▶ [Collected material]
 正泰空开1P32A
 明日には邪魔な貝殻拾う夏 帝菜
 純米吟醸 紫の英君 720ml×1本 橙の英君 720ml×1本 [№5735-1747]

▶ [What is required] Repeat back the listing above exactly, including every line.

▶ [Problem solution]
 正泰空开1P32A
 明日には邪魔な貝殻拾う夏 帝菜
 純米吟醸 紫の英君 720ml×1本 橙の英君 720ml×1本 [№5735-1747]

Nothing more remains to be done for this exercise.